I assume that at normal temperatures, there is no argument that a rubber traction tire has a HIGHER coefficient of friction than a smooth loco wheel? 

So, why does this change when it gets colder? At freezing temps for example? Surely this information is on the web. 

Think about it. 

Greg


----------



## Scottychaos (Jan 2, 2008)

Several working rotary plows have been built in "Large scale".. 
they usually have electric motors..running off of track power or just "regular" batteries.. 
the same kind of batteries that power battery-powered locomotives.. 

I dont understand the need for gigantic heavy batteries!  
also, super heavy weight also isnt needed for this kind of thing, 
because in this scale, a rotary plow isnt going to be able to deal with anything more than 6" of snow anyway.. 
if you have a foot of snow, its not going to work at all.. 
So the weight of a normal (large diesel) locomotive would be perfectly fine to keep the plow on the rails with 6" of snow or less.. 
Im sensing some serious "over-engineering" here for no gain that I can see.. 
or am I missing something? 

Scot


----------



## Santafe 2343 (Jan 2, 2008)

*Just need some snow chains*


----------



## Jerry Barnes (Jan 2, 2008)

I doubt you could find any trucks that would support a 60 lb battery and if you did the plastic ties would probably distort/twist. Scot is correct in his post above. 

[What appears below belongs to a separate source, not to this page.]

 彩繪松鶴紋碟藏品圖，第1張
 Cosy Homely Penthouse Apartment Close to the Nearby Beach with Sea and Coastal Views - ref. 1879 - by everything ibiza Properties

You should focus your attention on the snow throwing mechanism itself. Some really sharp guys(not me!) have made some mechs that really spin fast, which is what you really need, and throw snow like crazy, but they were well engineered. My drill motor and vacuum cleaner blade work okay, but are a rather simple approach(because I am). Using several engines to push the rotary is the best way to go, but like Scot said you can't do really deep snow, or wet snow anyway.


----------



## Totalwrecker (Feb 26, 2009)

Greg, 
I thought about it. 
I stuck a rubber windshield wiper in liquid nitrogen. 
When I slapped a table with it, it fractured into many pieces. 

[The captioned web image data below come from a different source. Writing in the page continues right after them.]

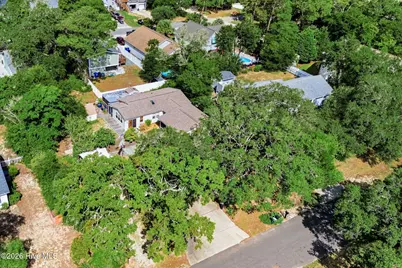 315 NE 40th Street, Oak Island, NC 28465 - Photo 3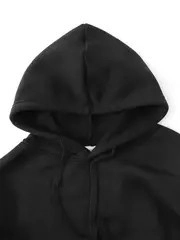 Primer plano detallado de una sudadera con capucha negra para hombre y cordón ajustable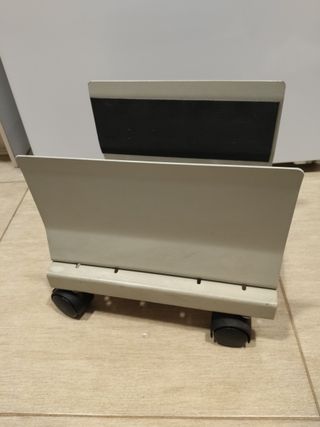 Porta CPU con Ruedas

Hmmm cold affects the 'give' in rubber, made it glass hard and brittle. 
Of course I went to extremes, too many variables in the middle. 

John


----------



## chuck n (Jan 2, 2008)

Zoro:


Here are some pictures of my rotary.




























The battery is 6v 10 amp. As others have said, 4-6 inches is going to be the maximum and the dryer the snow the better. For a very heavy wet snow the max could well be less than an inch.

If you are having trouble with the engine slipping, add more engines. A 60 pound plow is asking for trouble. 

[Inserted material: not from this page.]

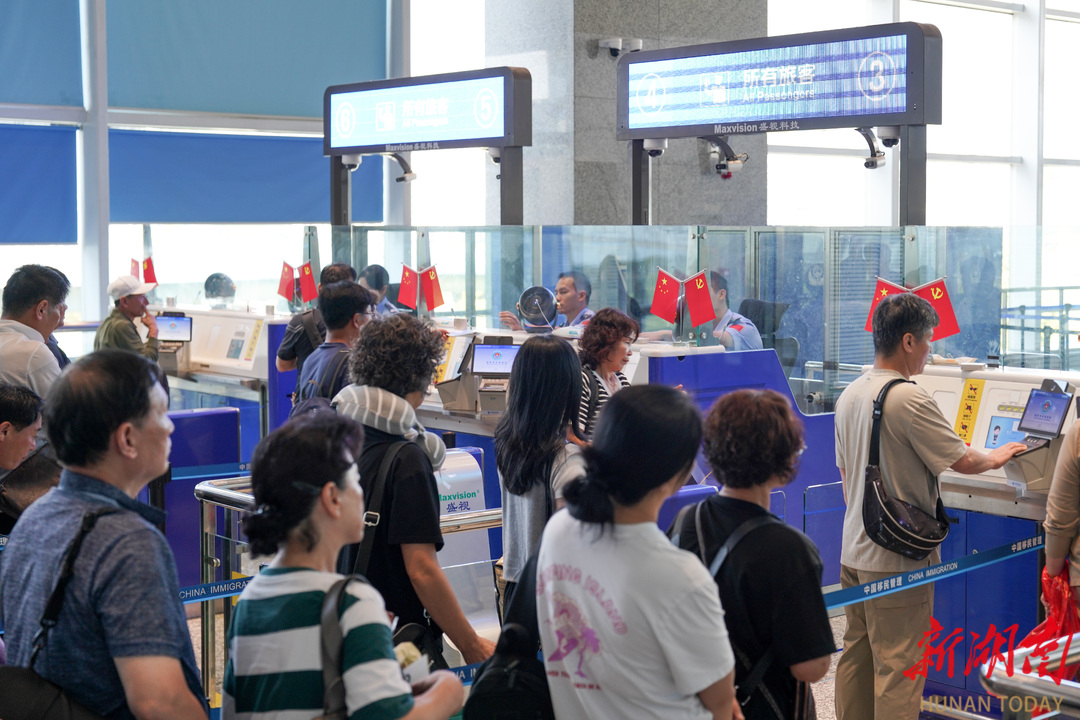 8天長假湖南空港口岸出入境人員4.3萬人次,去年同期增長2.7%_fororder_5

You also want separate power to the motor and the plow, because you will want to control the engine speed and direction and keep the blades going at full speed. 

Chuck


----------



## Greg Elmassian (Jan 3, 2008)

Yep, John, almost anything in liquid nitrogen is brittle... freeze your wheels in it and hit them with a hammer, they will most likely shatter also! 

If the weather outside is the temperature of liquid nitrogen, the last thing you would be worrying about is traction for your plow!









We'd all be dead of course.... 


Back to the question, it would be simple to take a traction tire, put in the freezer and see it it's brittle, but moreover, a simple experiment in traction would be easy.

Maybe someone will do it. I have some old USAT ones, I'll put them at zero degrees this weekend.

Greg


----------